Valgrind actually provides instrumentation at a superblock level. A superblock has one entry point but unlike basic
blocks can have multiple exit points.
Once a branch occurs into the middle of a block, it is split into a new basic
block. Because Valgrind cannot produce "true" basic blocks, the generated BBV vectors will be different than those
generated by other tools. In practice this does not seem to affect the accuracy of the SimPoint results. We do internally
force the
--vex-guest-chase-thresh=0
option to Valgrind which forces a more basic-block-like behavior.
When a superblock is run for the first time, it is instrumented with our BBV routine. A block info (bbInfo) structure is
allocated which holds the various information and statistics for the block. A unique block ID is assigned to the block,
and then the structure is placed into an ordered set. Then each native instruction in the block is instrumented to call an
instruction counting routine with a pointer to the block info structure as an argument.
At run-time, our instruction counting routines are called once per native instruction. The relevant block info structure
is accessed and the block count and total instruction count is updated. If the total instruction count overflows the
interval size then we walk the ordered set, writing out the statistics for any block that was accessed in the interval, then
resetting the block counters to zero.
On the x86 and amd64 architectures the counting code has extra code to handle rep-prefixed string instructions. This
is because actual hardware counts a rep-prefixed instruction as one instruction, while a naive Valgrind implementation
would count it as many (possibly hundreds, thousands or even millions) of instructions.
We handle rep-prefixed
instructions specially, in order to make the results match those obtained with hardware performance counters.
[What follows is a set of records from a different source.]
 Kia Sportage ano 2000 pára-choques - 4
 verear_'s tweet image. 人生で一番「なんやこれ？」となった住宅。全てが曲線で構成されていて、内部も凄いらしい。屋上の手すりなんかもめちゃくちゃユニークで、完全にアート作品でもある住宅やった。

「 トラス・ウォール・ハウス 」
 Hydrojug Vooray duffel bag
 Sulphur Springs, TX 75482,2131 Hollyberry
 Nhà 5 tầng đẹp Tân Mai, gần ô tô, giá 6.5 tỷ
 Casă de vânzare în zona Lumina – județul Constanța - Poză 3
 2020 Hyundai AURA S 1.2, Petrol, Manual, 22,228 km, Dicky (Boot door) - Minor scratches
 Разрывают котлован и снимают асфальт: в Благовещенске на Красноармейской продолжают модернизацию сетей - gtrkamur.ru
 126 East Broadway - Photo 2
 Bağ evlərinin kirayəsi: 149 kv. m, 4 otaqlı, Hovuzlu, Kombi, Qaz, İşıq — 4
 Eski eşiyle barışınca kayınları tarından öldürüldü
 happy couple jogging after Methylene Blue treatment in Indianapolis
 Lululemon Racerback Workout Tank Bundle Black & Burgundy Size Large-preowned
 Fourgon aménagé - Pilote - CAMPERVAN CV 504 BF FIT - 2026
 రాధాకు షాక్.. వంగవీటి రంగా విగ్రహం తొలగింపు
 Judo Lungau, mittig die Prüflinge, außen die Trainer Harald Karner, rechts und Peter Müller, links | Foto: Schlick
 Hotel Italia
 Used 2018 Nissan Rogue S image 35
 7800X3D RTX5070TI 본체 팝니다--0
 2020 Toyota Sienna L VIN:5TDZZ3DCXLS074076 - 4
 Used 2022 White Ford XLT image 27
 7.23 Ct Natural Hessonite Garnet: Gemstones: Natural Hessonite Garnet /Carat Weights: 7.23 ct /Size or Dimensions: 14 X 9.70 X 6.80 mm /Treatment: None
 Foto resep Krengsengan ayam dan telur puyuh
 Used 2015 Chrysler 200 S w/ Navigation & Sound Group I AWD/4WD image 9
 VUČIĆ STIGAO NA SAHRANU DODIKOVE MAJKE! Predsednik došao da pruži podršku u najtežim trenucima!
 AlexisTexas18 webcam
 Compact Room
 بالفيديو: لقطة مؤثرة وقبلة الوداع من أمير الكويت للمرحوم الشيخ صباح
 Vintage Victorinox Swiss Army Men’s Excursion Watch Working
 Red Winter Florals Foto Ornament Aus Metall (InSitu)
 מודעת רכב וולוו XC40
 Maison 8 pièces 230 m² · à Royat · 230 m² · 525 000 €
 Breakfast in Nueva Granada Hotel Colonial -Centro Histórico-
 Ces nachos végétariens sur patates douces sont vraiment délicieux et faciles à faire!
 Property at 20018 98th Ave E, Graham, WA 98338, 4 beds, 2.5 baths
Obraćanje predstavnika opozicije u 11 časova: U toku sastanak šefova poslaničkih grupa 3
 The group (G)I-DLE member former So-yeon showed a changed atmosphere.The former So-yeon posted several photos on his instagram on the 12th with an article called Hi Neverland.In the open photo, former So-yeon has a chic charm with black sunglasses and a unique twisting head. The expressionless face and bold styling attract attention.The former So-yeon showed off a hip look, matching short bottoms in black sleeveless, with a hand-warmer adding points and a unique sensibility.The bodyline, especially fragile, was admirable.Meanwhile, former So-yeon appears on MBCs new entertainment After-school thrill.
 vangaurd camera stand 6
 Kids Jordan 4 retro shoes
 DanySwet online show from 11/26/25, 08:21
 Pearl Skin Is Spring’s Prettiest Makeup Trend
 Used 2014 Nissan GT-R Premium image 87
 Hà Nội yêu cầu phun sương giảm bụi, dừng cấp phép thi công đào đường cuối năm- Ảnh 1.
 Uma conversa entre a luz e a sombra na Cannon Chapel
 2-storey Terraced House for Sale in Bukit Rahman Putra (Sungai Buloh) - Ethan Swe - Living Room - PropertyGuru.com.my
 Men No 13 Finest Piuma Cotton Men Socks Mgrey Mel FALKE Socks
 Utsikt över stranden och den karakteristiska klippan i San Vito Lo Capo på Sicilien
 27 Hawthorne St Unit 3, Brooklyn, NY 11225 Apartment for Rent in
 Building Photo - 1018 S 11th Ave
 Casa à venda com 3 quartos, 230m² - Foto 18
BBV also counts the fldcw instruction. This instruction is used on x86 machines in various ways; it is most commonly
found when converting floating point values into integers. On Pentium 4 systems the retired instruction performance
counter counts this instruction as two instructions (all other known processors only count it as one). This can affect
results when using SimPoint on Pentium 4 systems. We provide the fldcw count so that users can evaluate whether it
will impact their results enough to avoid using Pentium 4 machines for their experiments. It would be possible to add
an option to this tool that mimics the double-counting so that the generated BBV files would be usable for experiments
using hardware performance counters on Pentium 4 systems.
12.6. Threaded Executable Support
BBV supports threaded programs.
When a program has multiple threads, an additional basic block vector file is
created for each thread (each additional file is the specified filename with the thread number appended at the end).
There is no official method of using SimPoint with threaded workloads. The most common method is to run SimPoint
on each thread’s results independently, and use some method of deterministic execution to try to match the original
workload. This should be possible with the current BBV.
12.7. Validation
BBV has been tested on x86, amd64, and ppc32 platforms. An earlier version of BBV was tested in detail using
hardware performance counters, this work is described in a paper from the HiPEAC’08 conference, "Using Dynamic
160